I never used arachnoboards for tarantula's, i used it for the true spiders and insect discussion, there were tonnes of valuable members on there posting all sorts, i was in the middle of discussing loads of things through PM i could never hope to get on here, plus i was in the middle of discussing getting some new amblypygid species here in the UK, my most wanted invertebrates and i was soon going to get a crapload of ultra rare ones.

http://www.arachnoboards.com/ab/


----------



## ismart (Apr 1, 2011)

Wow! I hope it's an April fools joke? That would be quite sad if they were serious?


----------



## PhilinYuma (Apr 1, 2011)

ismart said:


> Wow! I hope it's an April fools joke? That would be quite sad if they were serious?


I'm hoping the same thing. It's still possible to log in, though, so that's a good sign (I hope!).


----------



## Orin (Apr 1, 2011)

PhilinYuma said:


> I'm hoping the same thing. It's still possible to log in, though, so that's a good sign (I hope!).


They did the same joke before so I'd be surprised if they weren't joking this time.


----------



## dgerndt (Apr 1, 2011)

If you click here, you can see that one of the owners posted there.  It would suck if they were gone.


----------



## Morwenna (Apr 1, 2011)

I've been at Arachnoboards for 4 years and I'm pretty sure they wouldn't do this for real. Unfortunately I'm sure a lot of people are angry because they were in the middle of transactions and stuff. Oh well...

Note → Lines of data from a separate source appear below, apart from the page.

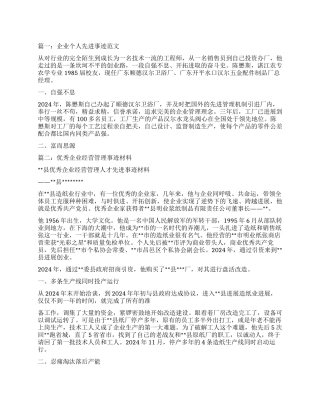 企业管理先进事迹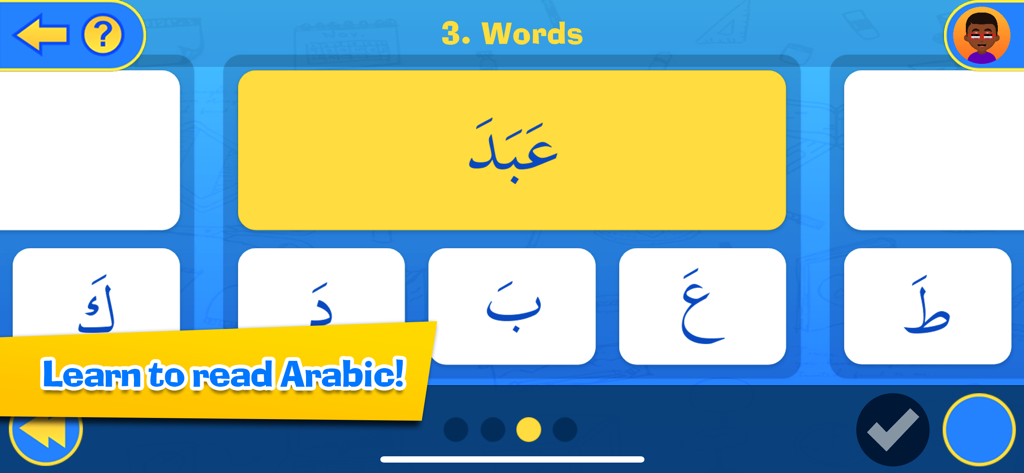 Ali and Sumaya: School - Atividade interativa para crianças aprenderem a ler palavras em árabe na Ali and Sumaya School.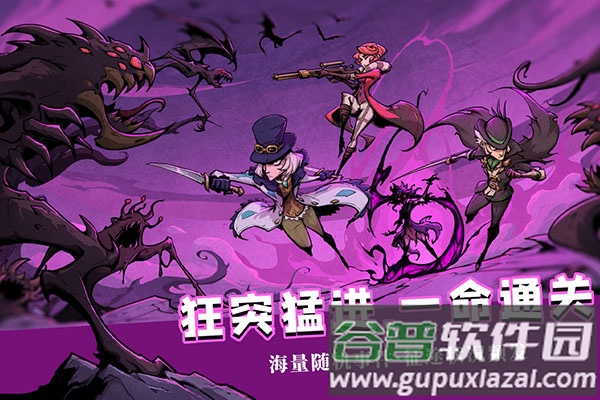 异化之地九游版本下载截图3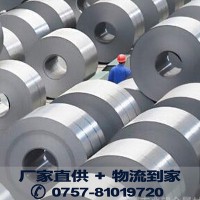冷軋沖壓高強鋼板卷 廣州JFE 冷軋板GJC270C0.7 鐵鋅合金現(xiàn)貨批發(fā)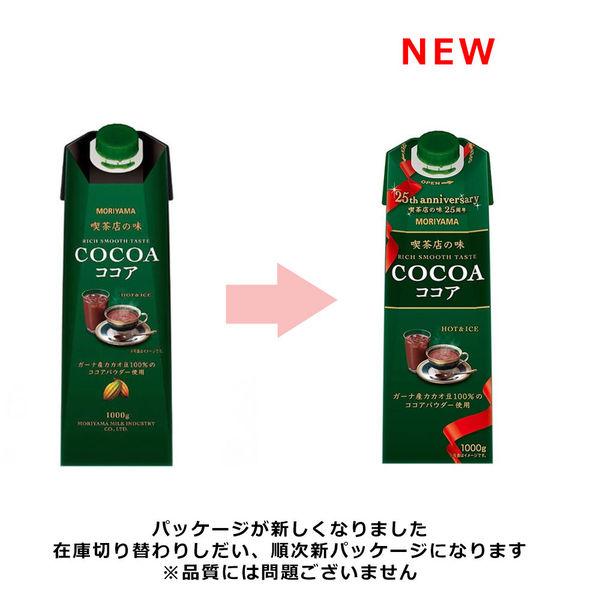 守山乳業 喫茶店の味 ココア 1000g 1箱（6本入） /【Buyee】 Buyee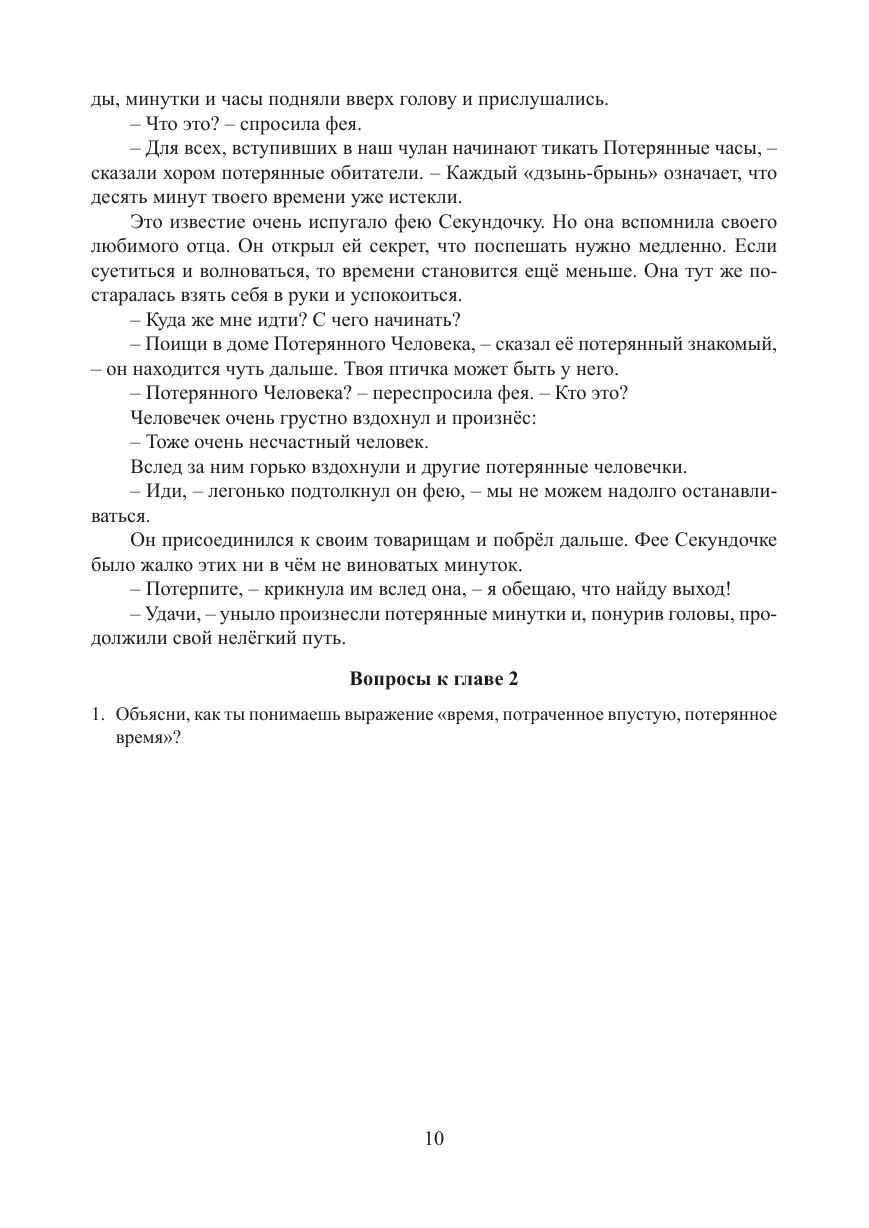 Страница 9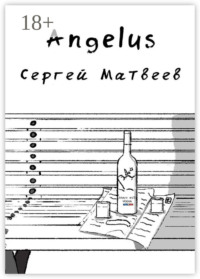 Angelus
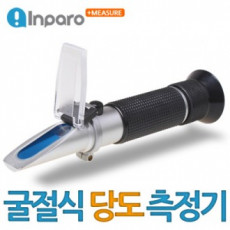 เครื่องวัดน้ำตาลหักเห เครื่องวัดน้ำตาล เครื่องวัดความเข้มข้น แบบพกพา RZ113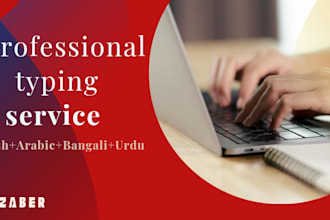 do english, arabic, bengali typing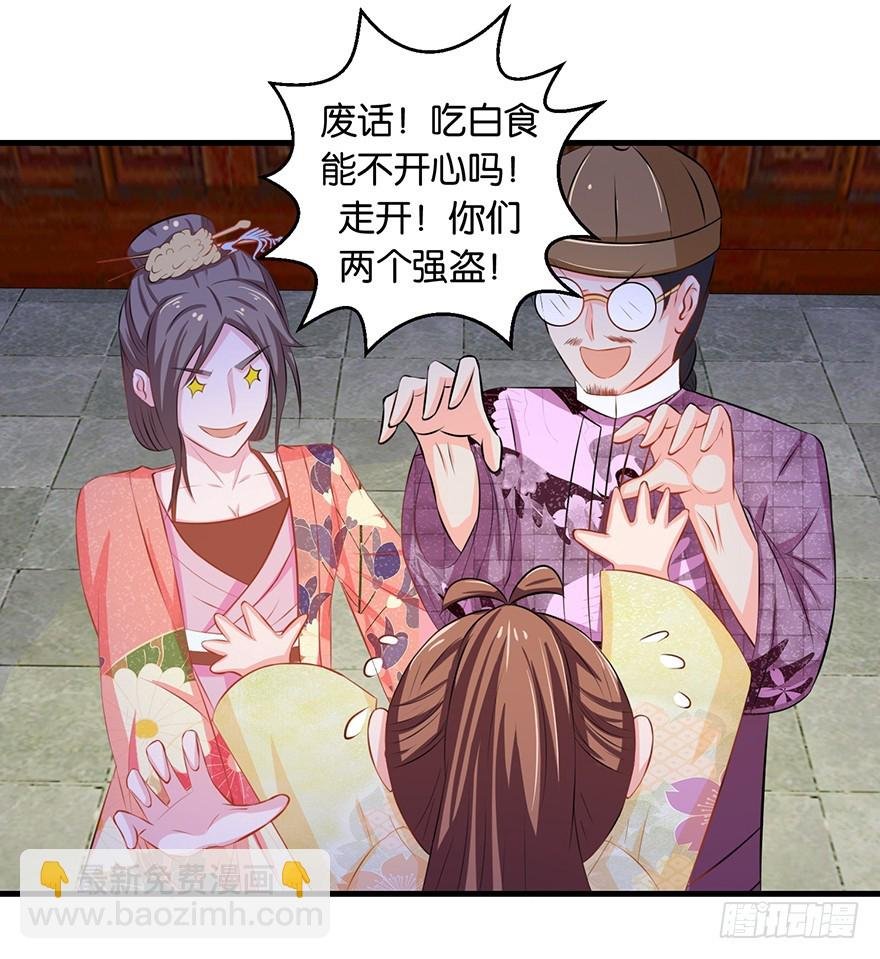 第十三回 不料走丢左医生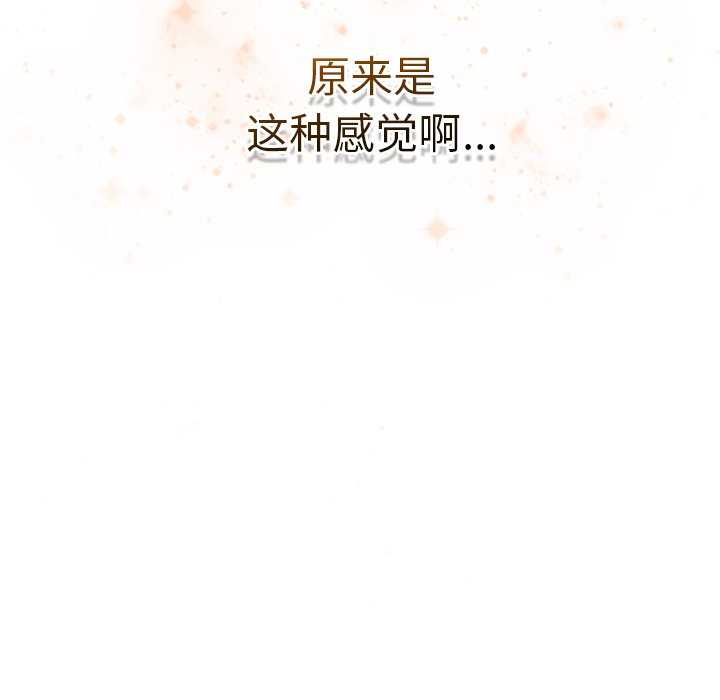 游戏不能这样玩/游戏规则我来定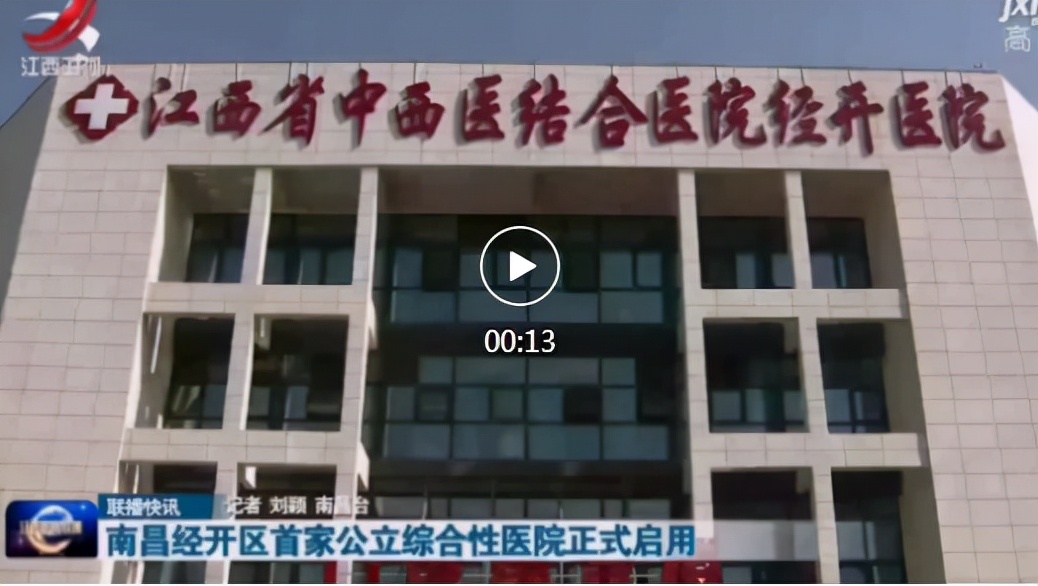 江西省中西医结合医院瑶湖分院,全国十佳中西医结合医院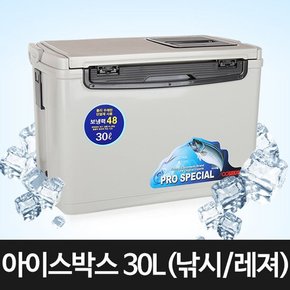 코스모스 아이스박스 낚시 레져 겸용 30L+바둑판행주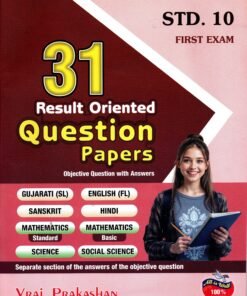 31 Question Paper First exam Std – 10 ( English ) By Vraj prakhan 2026-27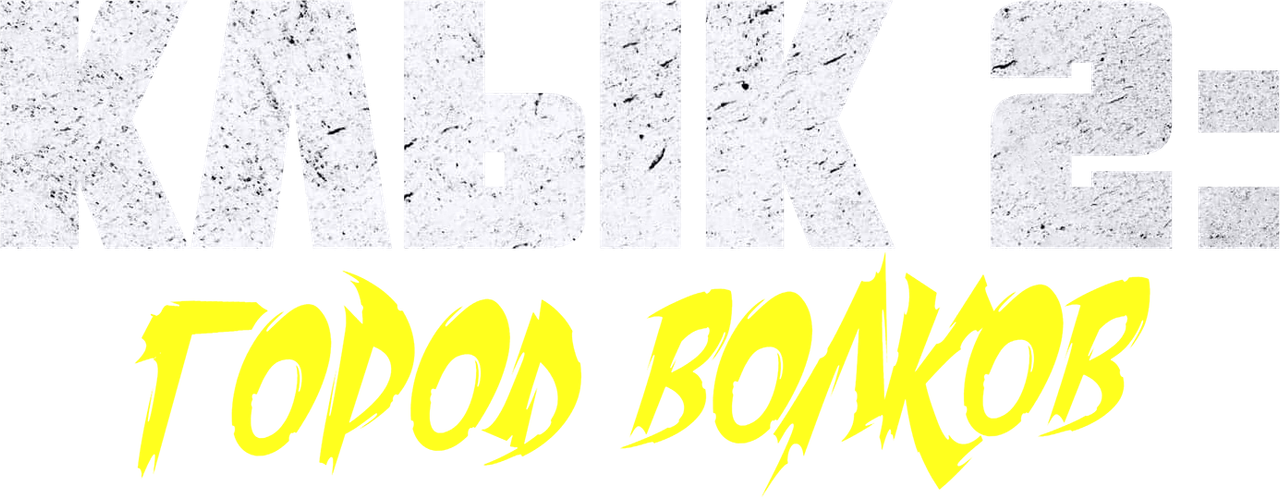 Клык 2: Город волков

I do think that this might get people to stop and think about what they post. In the message, Scott and Debby said "One final question, The quality of the information you got out of Arachnoboards was what you put into it. Did you ever do anything to combat the problems you saw or just complain about them somewhere else?"


----------



## dgerndt (Apr 2, 2011)

Looks like it's back up!


----------